__Dataset excerpts__
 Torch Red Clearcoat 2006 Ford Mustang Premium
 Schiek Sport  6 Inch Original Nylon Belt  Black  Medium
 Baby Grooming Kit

* * *

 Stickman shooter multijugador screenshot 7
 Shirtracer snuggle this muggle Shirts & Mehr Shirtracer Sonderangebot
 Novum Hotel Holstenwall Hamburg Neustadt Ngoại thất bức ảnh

__Task directions__
Output the lines above between the one holding "6 Inch Original" and the one holding "Baby Grooming Kit", inclusive, with nothing before or after them.

__Exercise solution__
 Schiek Sport  6 Inch Original Nylon Belt  Black  Medium
 Baby Grooming Kit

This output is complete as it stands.